YOUR ASSIGNMENT: Please set down each record exactly as it appears, but leave out any pictures.

************

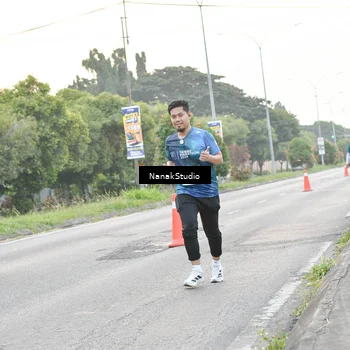 Runner Photo 4725115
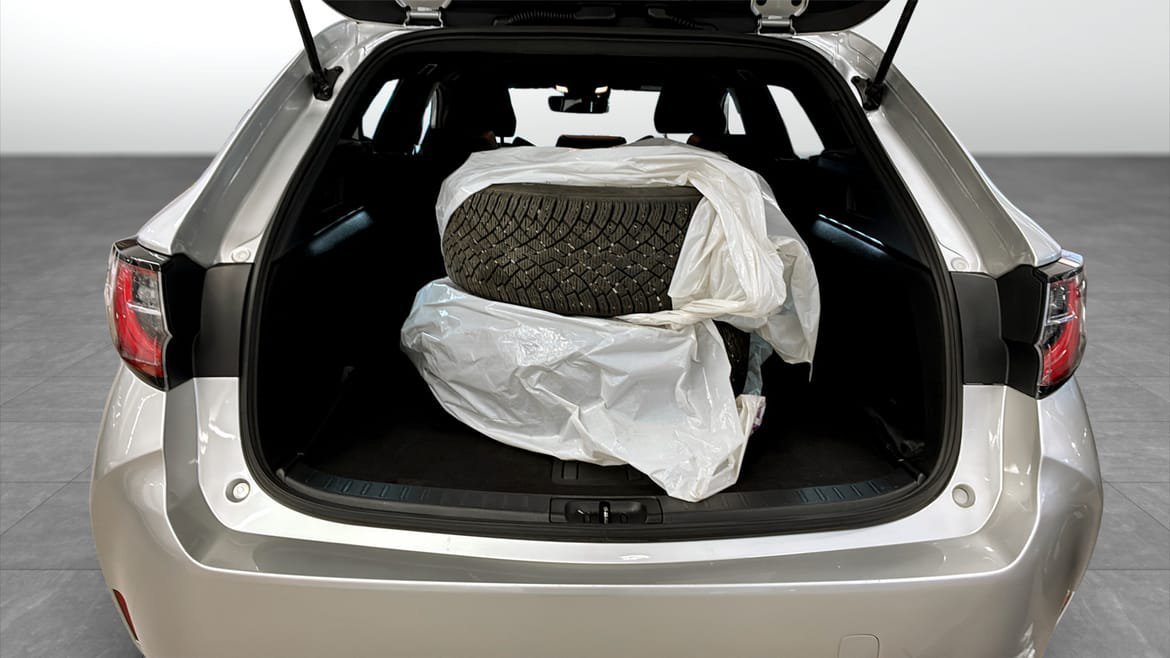 Vehicle Image 12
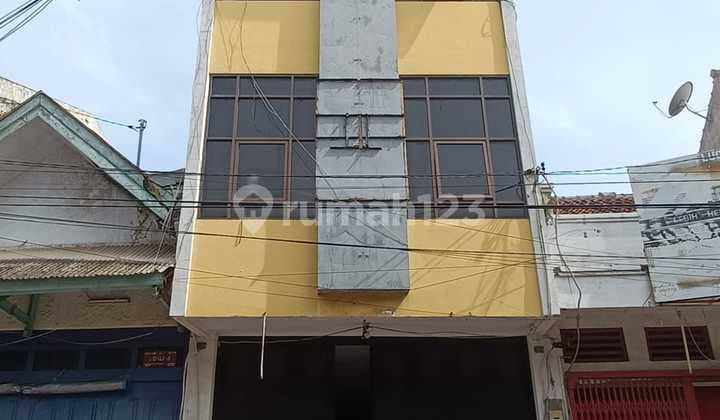 Three-story commercial area shop-house.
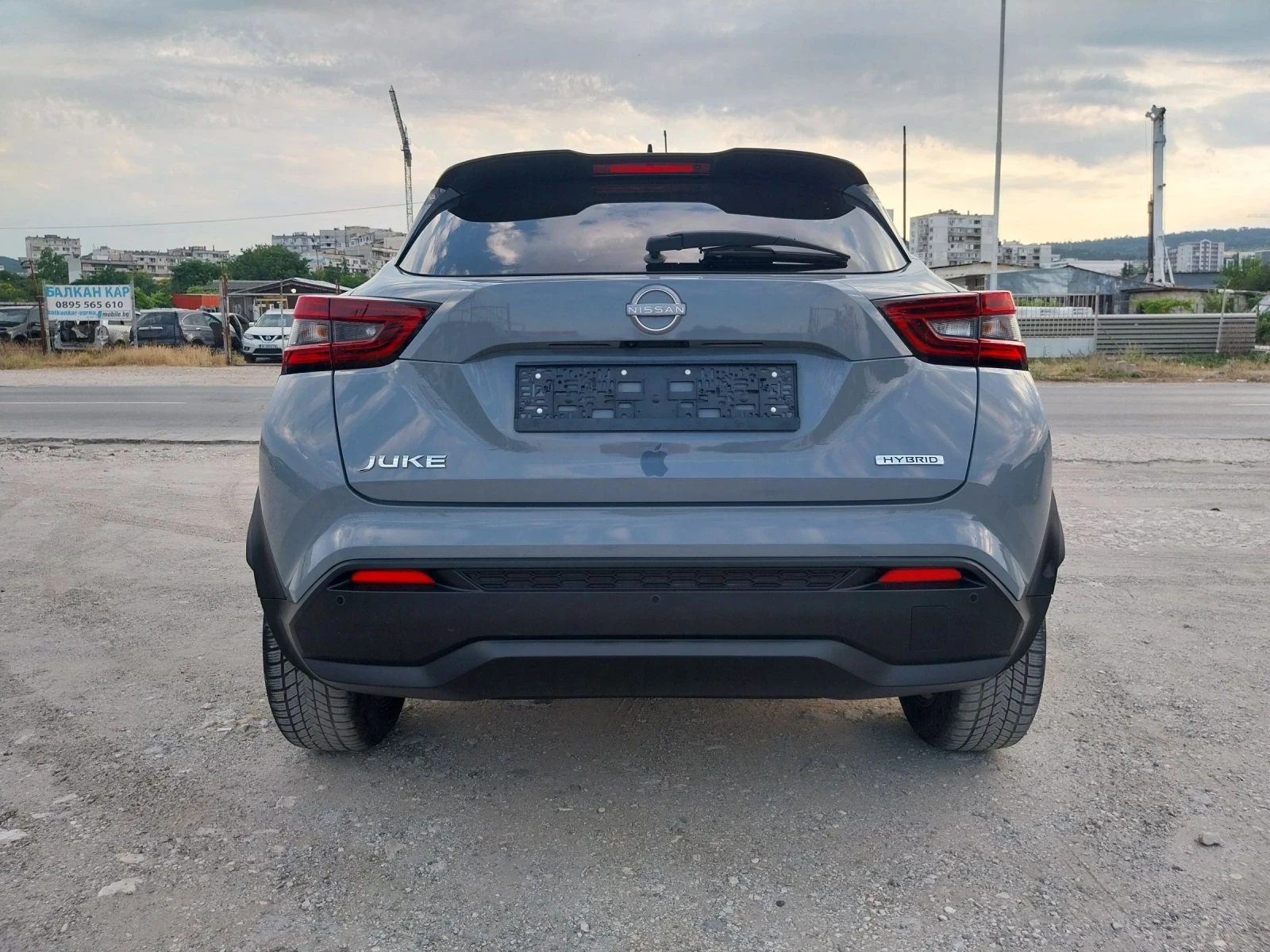 Nissan Juke 1.6 HIBRID N-Conecta, снимка 6 - Автомобили и джипове - 55127636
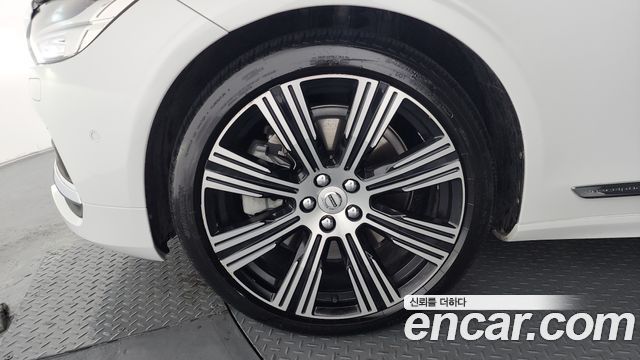 Volvo S90 из Кореи Encar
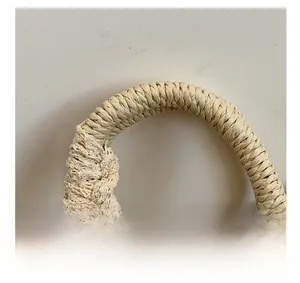 Dettaglio del manico in paglia beige con finiture in pizzo bianco e trama in fibra naturale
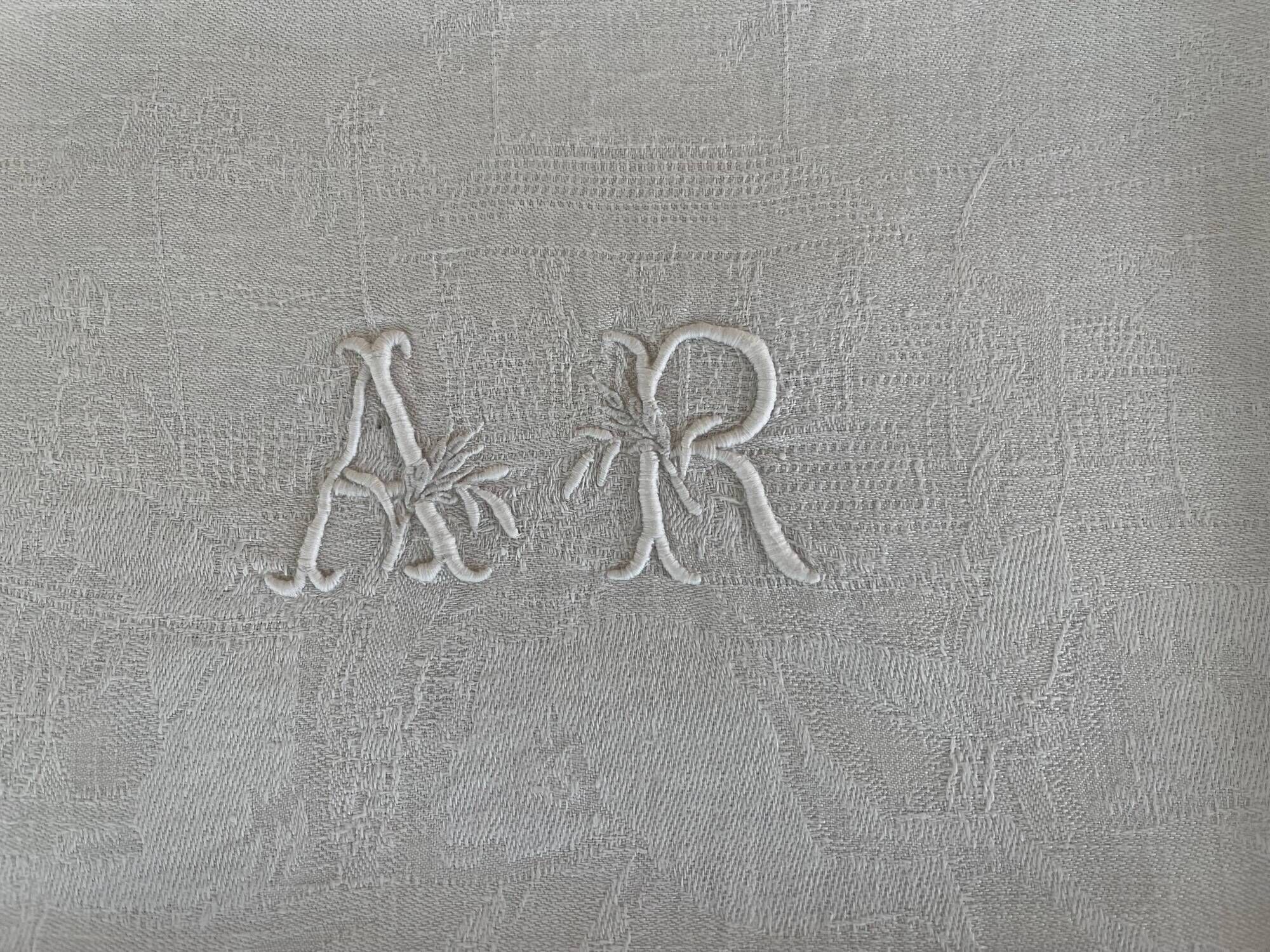 7 antique damask napkins with horse monogram decoration AR - Antique french linen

************

ANSWER TO THIS PROBLEM:
 Runner Photo 4725115
 Vehicle Image 12
 Three-story commercial area shop-house.
 Nissan Juke 1.6 HIBRID N-Conecta, снимка 6 - Автомобили и джипове - 55127636
 Volvo S90 из Кореи Encar
 Dettaglio del manico in paglia beige con finiture in pizzo bianco e trama in fibra naturale
 7 antique damask napkins with horse monogram decoration AR - Antique french linen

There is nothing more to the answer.